In dealing with health anxiety, the key fact to keep in mind is that there is no certainty.  If you tend to worry about your health, slipping from one concern to the next, often alarmed about physical sensations or perceived changes in your body, you probably tend to seek reassurance that you are OK.

The reassurance works for a short while; you go to the doctor, she says you don’t have the condition you fear.  Or you go online and are temporarily relieved when your perceived symptoms are not a perfect match for the disease you think you might have.

But the calm doesn’t last.  After all, the doctor said to call if the sensations persist, so you are keeping an eye on it and they do seem to be there still, if ever so mildly.  Or that particular symptom has cleared up, but before long you find that a new one has caught your attention.
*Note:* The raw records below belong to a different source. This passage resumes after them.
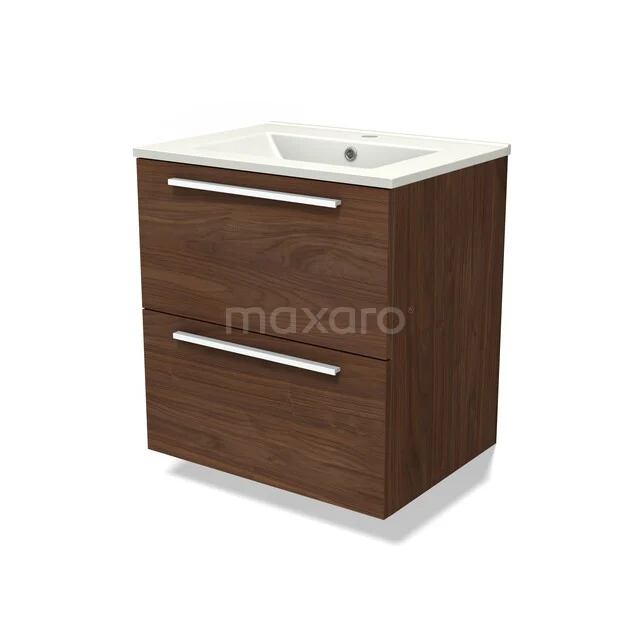 Modulo Badkamermeubel met wastafel | 60 cm Walnoot Vlak front Keramiek 2 lades onder elkaar BMW17-05588 Houten badkamermeubel met twee laden, walnootkleur, inclusief wit wastafelblad. Modern ontwerp voor stijlvolle badkamers.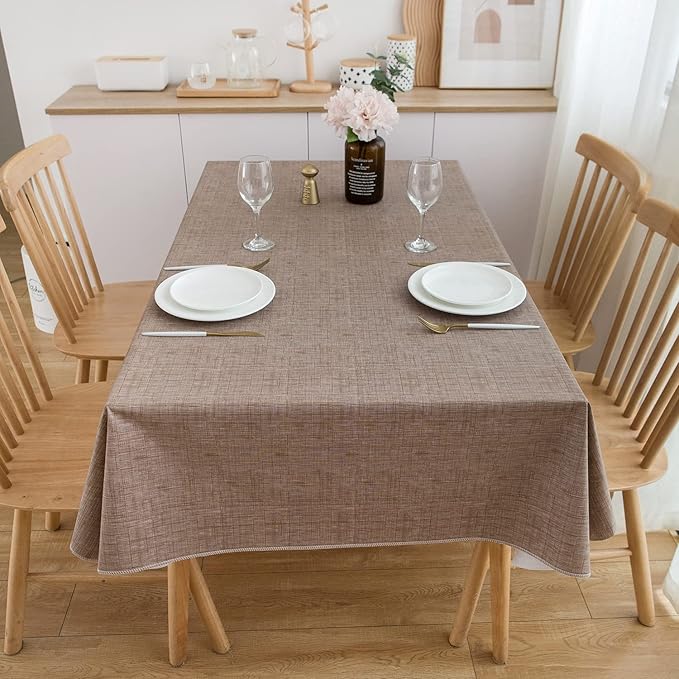 LIBERECOO Vinyl Tablecloth with Flannel Backing, Flaxen, Waterproof, Stain-Resistant, Easy-Clean Table Cover for Dining, Kitchen, and Outdoor Use, 60" x 102" Rectangle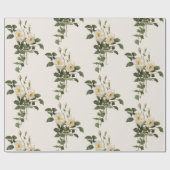 Vintages Weißrosen-Blume Blumenmuster Geschenkpapier (Flach)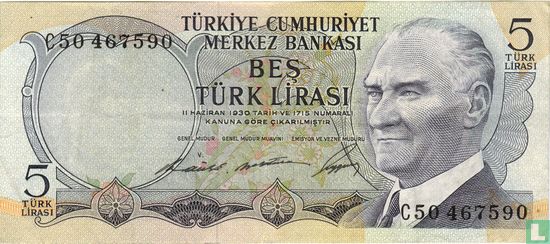 Turkey 5 Lira ND (1968/L1930) - Image 1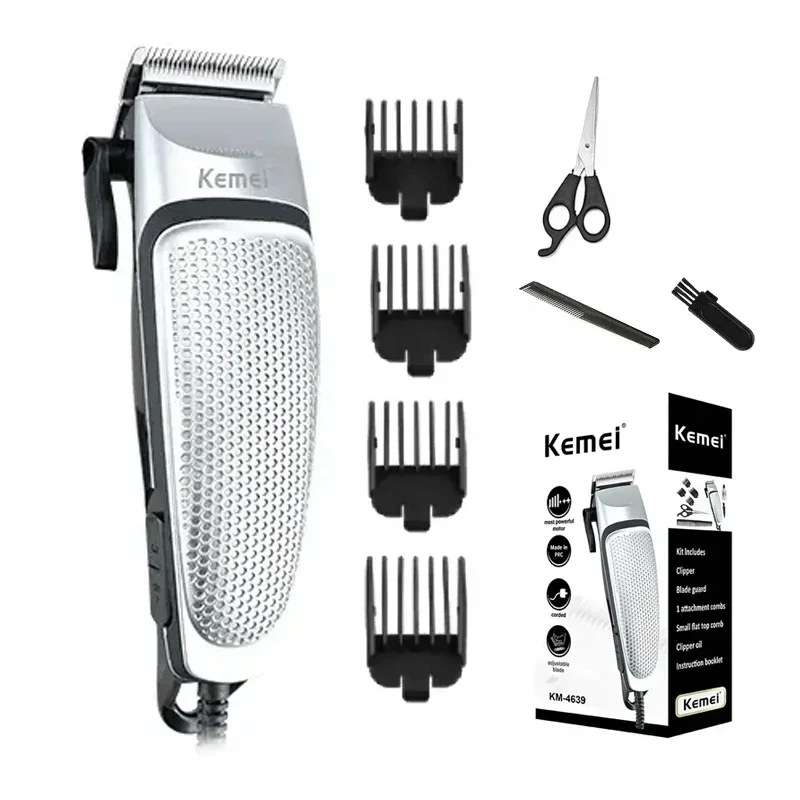 

Электрическая машинка для стрижки волос Kemei, профессиональный триммер, бытовая машинка для бороды с низким уровнем шума, инструмент для стрижки бороды личной гигиены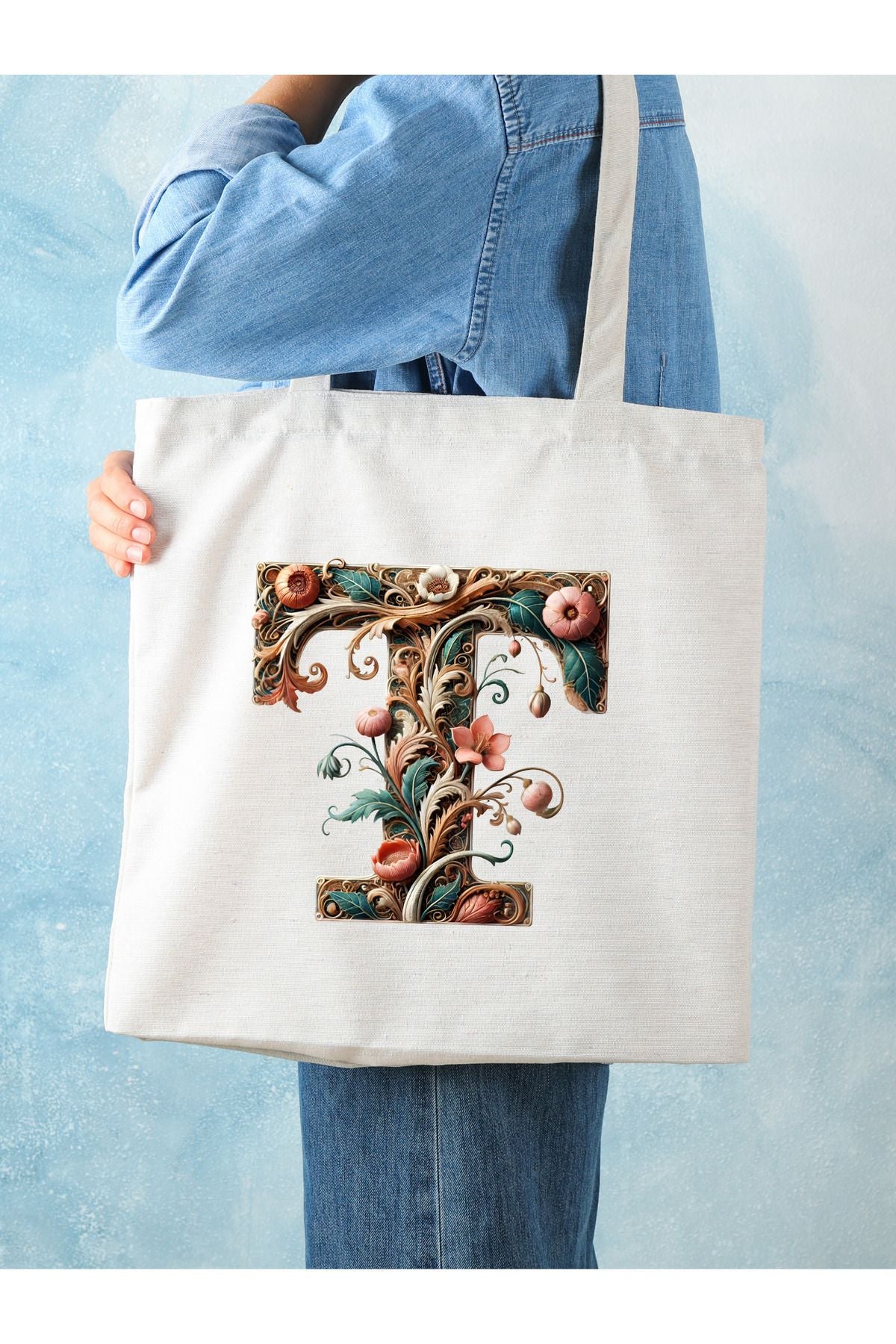 Harf Tasarım A Harfi Çanta, Y2 Pinterest Retro Unisex Bez Çanta Tote Bag, Shopper Bag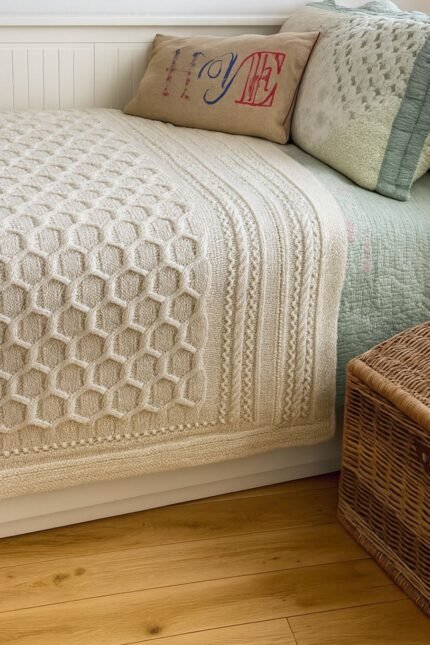 Πλεκτή κουβέρτα με ανάγλυφο μοτίβο κυψέλης σε ανοιχτό μπεζ χρώμα, στρωμένη πάνω σε κρεβάτι με διακοσμητικά μαξιλάρια.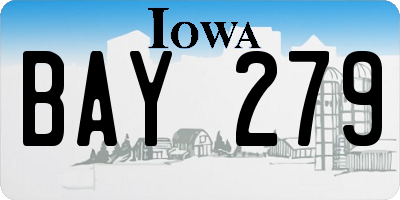 IA license plate BAY279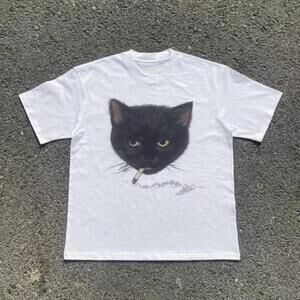 Black And White Graphic Tee With A Cat Smoking A Cigarette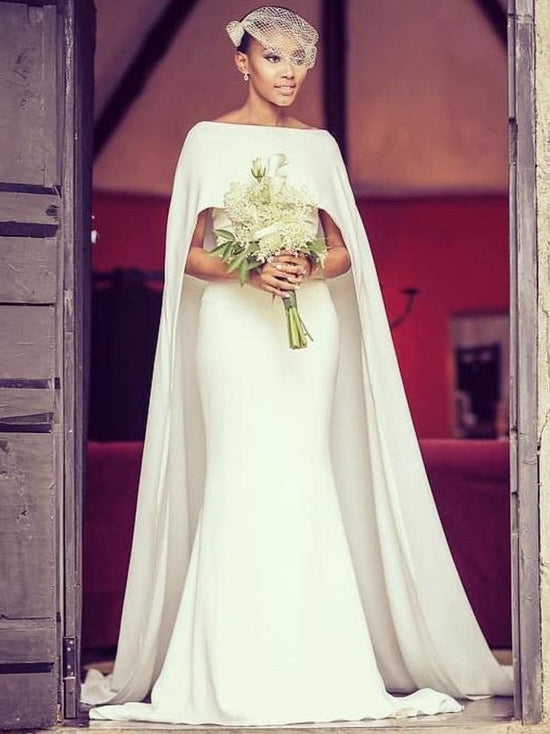Simple Long Cape Mermaid Wedding Dresses | Elegant Bateau Bridal Gowns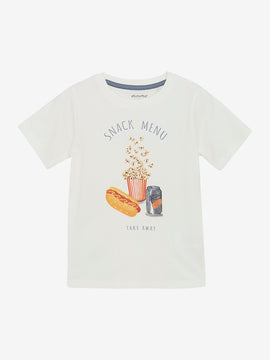 Minymo "T-Shirt" mit Druck - Marshmallow White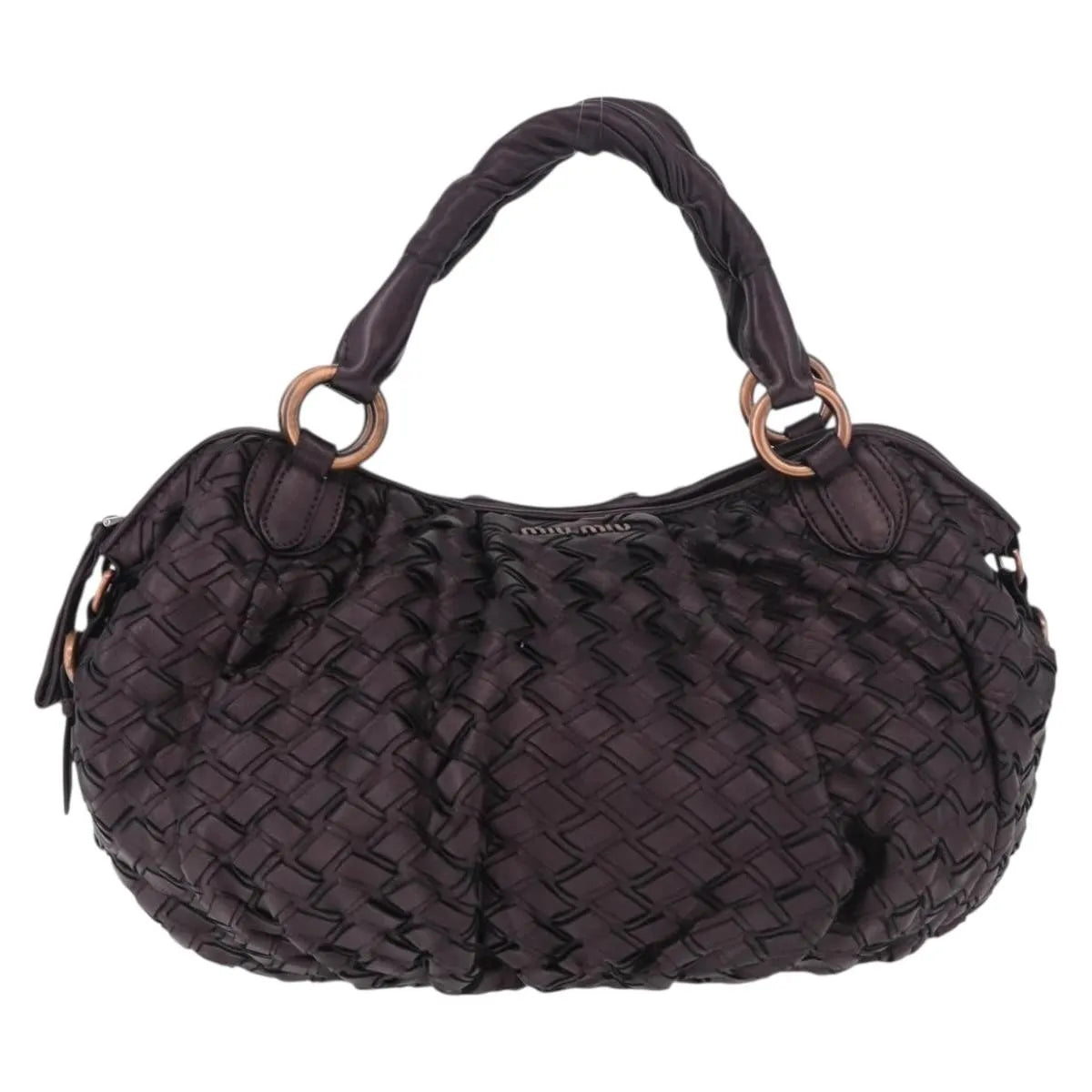 Miu Miu Hobo Woven Leather, Purple, Leather, Handbag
So let’s push this reassurance-seeking approach to the limit.  Let’s say that you get a full body scan, you meet with a team of the world’s top doctors, and it is determined that you do not have any diseases or health conditions.  Perfect!  You’re set, right?

Of course not.  The problem is that when it comes to the body, as when it comes all matters related to the future, uncertainty rules.

The perfect medical work-up still has flaws; maybe the scan missed something?  And even if it didn’t, a scan only provides a snapshot of that moment.  Theoretically it’s possible that even as you left the building where you had the scan, some new medical problem was taking hold in your body!

YIKES!  Uncertainty rules.  That is part of the human condition, but for some people, that fact creates a lot of discomfort and anxiety.

So if you are not going to stay on the reassurance-seeking treadmill, and if you want a more effective way to reduce your suffering, what are you going to do?

I recommend that you manage the discomfort about the uncertainty, not the uncertainty itself.  What that means is that, rather than trying to quell anxiety by seeking certainty on each physical sensation or medical concern, you work to increase your tolerance for the discomfort that uncertainty inevitably brings.

The goal is to reduce your tendency to engage every worry that crops up, and hopefully feel steadier day to day.  This requires practicing some new skills, but for now, start by reminding yourself that, just by living, you do tolerate enormous uncertainty every day, so you already possess the skill, it just has to be strengthened and redirected.  There’s hope!